That's all well and good but we are not talking about recording shows. We are talking about offering Video On Demand. There have been lots of issues with the Amazon and Netflix apps over the years.....some that still exist and nobody bothers to fix them.

Many of the Tivo software releases have been plagued with bugs. The Premiere is a perfect example. It was released before it was ready and it took Tivo a long time to work out the issues. My Premieres still aren't perfect but they are a lot better than they were when I got them.


----------



## lpwcomp

aadam101 said:


> I don't know anything about cable systems but I do know that Comcast built their empire by buying up smaller cable systems. I would think they are working with lots of different equipment among markets.
> 
> We already know that Comcast isn't the same across the board. We constantly hear from posters stating that Comcast does one thing in one market and a completely different thing in another.
> 
> That's why I like FIOS. It's all the same everywhere.

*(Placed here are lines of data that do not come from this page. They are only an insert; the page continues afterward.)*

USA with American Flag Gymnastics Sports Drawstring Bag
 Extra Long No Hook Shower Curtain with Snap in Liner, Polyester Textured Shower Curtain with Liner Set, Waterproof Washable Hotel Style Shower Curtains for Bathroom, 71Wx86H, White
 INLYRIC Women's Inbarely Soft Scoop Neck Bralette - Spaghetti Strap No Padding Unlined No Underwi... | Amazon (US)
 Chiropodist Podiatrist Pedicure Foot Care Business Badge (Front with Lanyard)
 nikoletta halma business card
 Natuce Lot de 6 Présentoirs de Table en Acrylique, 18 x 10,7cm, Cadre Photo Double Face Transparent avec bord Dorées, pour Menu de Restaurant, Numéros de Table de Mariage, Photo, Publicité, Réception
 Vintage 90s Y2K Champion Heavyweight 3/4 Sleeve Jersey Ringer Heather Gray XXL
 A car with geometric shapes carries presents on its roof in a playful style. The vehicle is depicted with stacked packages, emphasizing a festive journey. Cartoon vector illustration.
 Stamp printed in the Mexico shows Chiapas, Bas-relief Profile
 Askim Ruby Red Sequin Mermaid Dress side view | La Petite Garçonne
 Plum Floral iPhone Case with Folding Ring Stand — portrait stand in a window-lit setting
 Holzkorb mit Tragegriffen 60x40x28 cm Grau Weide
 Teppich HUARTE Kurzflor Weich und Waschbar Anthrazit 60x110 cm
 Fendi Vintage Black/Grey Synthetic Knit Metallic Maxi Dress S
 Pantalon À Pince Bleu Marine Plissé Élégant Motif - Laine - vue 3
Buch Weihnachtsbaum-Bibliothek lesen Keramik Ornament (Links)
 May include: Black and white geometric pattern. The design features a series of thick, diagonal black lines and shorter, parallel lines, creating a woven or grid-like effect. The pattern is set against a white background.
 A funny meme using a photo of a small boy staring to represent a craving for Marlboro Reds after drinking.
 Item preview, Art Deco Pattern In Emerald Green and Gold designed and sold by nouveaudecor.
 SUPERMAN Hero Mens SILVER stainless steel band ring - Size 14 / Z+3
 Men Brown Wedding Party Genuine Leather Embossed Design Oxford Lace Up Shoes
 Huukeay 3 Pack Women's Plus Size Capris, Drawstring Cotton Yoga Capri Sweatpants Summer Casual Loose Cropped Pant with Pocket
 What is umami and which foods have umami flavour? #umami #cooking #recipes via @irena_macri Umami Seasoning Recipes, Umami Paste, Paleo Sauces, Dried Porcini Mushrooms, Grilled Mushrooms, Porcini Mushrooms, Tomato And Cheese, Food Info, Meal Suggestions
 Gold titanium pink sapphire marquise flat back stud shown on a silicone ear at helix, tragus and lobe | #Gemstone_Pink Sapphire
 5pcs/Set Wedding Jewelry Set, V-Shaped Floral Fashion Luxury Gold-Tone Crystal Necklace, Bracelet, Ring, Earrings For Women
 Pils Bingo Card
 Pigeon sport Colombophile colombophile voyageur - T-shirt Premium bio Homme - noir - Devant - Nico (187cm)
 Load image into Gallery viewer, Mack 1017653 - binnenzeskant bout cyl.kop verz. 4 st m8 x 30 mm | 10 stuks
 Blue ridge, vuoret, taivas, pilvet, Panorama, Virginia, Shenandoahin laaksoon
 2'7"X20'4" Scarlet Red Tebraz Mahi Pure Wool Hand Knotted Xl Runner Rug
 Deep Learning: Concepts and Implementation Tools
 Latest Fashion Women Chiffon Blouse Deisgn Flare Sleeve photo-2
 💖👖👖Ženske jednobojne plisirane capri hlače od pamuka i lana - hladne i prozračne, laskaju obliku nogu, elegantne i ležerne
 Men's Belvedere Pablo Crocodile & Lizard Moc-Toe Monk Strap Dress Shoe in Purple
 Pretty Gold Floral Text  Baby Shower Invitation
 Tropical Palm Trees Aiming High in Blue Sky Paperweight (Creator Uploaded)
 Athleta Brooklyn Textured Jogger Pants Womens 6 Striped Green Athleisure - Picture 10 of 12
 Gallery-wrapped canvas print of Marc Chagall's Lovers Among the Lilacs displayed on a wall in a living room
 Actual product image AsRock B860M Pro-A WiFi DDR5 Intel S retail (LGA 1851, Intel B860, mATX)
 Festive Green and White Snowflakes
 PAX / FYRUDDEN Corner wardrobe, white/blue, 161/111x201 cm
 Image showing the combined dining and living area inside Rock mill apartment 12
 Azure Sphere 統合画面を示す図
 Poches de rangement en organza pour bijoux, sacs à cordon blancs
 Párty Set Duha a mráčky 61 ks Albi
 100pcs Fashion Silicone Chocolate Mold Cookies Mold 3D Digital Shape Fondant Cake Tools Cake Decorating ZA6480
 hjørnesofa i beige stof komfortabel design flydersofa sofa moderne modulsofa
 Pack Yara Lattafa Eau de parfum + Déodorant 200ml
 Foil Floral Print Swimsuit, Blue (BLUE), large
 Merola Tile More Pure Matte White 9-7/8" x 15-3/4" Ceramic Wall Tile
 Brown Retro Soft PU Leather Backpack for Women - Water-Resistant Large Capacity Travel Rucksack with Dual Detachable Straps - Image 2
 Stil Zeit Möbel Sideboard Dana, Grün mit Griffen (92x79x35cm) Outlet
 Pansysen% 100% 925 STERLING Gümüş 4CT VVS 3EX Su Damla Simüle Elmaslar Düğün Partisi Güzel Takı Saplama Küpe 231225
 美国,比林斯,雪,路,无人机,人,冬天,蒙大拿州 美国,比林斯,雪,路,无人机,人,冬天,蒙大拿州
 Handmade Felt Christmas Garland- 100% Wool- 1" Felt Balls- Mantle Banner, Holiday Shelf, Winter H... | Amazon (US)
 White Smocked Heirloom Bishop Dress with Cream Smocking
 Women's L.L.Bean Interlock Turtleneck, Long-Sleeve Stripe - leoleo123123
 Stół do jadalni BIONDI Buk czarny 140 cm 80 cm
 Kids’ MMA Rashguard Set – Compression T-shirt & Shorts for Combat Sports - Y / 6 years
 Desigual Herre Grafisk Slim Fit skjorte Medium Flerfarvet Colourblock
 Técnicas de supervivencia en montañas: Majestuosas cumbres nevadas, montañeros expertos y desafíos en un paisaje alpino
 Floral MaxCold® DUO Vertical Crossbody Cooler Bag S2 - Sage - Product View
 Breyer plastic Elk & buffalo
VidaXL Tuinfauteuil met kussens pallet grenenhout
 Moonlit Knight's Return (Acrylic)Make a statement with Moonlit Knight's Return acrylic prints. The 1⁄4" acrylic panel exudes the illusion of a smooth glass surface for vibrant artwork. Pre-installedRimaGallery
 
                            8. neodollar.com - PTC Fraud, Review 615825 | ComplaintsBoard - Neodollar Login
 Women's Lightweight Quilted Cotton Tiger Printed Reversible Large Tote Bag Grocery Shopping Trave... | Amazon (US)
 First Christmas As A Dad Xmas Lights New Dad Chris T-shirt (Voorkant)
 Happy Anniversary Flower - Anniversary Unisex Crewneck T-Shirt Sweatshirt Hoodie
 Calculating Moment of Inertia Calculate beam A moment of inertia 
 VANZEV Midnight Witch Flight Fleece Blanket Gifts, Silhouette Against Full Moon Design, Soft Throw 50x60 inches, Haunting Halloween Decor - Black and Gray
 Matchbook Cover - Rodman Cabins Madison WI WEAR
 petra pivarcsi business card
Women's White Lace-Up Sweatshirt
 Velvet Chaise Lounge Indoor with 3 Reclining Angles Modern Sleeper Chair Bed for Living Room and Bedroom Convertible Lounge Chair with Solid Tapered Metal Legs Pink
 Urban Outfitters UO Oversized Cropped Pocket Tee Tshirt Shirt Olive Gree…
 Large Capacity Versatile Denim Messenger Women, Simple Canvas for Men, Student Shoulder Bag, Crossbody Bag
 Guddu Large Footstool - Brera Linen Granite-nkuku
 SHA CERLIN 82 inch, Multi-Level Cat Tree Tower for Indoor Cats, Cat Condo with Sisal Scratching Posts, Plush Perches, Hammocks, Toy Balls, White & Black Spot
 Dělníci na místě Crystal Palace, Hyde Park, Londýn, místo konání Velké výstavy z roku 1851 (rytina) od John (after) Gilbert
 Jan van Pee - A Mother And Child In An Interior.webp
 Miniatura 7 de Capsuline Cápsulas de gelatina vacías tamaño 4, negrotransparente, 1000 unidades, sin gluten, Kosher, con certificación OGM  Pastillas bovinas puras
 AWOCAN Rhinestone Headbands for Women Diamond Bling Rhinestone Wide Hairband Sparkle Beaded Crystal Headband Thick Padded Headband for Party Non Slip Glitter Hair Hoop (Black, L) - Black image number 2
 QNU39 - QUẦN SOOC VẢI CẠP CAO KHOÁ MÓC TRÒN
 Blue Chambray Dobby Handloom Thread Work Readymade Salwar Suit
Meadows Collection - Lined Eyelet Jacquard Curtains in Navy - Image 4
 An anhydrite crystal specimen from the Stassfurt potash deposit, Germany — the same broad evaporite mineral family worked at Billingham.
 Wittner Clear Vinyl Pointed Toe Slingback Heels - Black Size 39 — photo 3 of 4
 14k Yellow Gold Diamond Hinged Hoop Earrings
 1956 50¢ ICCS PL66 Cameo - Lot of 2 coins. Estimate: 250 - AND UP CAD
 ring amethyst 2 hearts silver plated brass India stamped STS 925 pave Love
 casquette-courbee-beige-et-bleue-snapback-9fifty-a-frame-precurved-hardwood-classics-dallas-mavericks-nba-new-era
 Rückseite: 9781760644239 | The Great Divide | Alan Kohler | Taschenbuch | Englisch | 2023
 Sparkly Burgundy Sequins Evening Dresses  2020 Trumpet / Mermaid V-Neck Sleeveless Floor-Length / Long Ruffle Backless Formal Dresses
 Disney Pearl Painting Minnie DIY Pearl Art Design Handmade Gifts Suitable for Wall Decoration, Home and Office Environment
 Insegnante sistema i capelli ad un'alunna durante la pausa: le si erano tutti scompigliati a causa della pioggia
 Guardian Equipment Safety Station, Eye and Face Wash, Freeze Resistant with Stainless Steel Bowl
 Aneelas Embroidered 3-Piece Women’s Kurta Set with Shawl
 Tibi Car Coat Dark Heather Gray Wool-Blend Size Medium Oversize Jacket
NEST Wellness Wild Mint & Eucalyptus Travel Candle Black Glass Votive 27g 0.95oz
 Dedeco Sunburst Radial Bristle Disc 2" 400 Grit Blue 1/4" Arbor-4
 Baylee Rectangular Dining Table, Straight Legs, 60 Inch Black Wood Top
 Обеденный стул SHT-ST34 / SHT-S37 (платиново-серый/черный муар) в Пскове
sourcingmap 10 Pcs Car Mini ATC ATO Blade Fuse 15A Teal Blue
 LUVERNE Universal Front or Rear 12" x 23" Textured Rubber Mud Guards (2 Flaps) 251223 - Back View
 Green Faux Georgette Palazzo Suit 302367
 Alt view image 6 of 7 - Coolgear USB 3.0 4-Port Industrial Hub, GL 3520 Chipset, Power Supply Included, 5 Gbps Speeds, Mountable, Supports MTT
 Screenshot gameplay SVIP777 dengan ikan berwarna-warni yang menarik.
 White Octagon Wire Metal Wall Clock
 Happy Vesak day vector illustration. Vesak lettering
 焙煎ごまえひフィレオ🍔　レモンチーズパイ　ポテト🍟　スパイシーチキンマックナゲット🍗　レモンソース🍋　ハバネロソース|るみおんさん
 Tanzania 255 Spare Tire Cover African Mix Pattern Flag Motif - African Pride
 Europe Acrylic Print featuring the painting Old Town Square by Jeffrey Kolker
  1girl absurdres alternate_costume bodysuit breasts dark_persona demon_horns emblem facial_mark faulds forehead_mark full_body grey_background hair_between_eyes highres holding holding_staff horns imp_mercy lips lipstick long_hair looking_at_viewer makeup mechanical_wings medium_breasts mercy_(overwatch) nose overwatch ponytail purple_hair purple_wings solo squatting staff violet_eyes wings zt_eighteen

Why did you quote me rather than emkorial? _*I*_ agree with _*you*_ (at least on this particular point).


----------



## jmr50

emkorial said:


> And probably the last. There's no technological barrier to releasing this to everyone. Comcasts network isn't doing anything different, and Tivo's in SF are no different than Tivo's sold anywhere else, so an update for them would work for everyone. There's zero reason to have a "test market", unless you have no plans to ever move out of it.


That's complete and utter ******** fearmongering.

Verizon rolled out IMG 1.9 to a single market to get field experience. They did multiple releases to that market before expanding to others in a staged rollout. That's how large service providers roll out new things that change the user experience and expectations.


----------



## kpeters59

If anybody cares, (Like TiVo!) I'm a Tivo dealer and the BIGGEST obstacle I have switching clients from a Comcast DVR (if you can really call it that...) is VOD. This is what I'm waiting on for many clients. Including former Tivo users. 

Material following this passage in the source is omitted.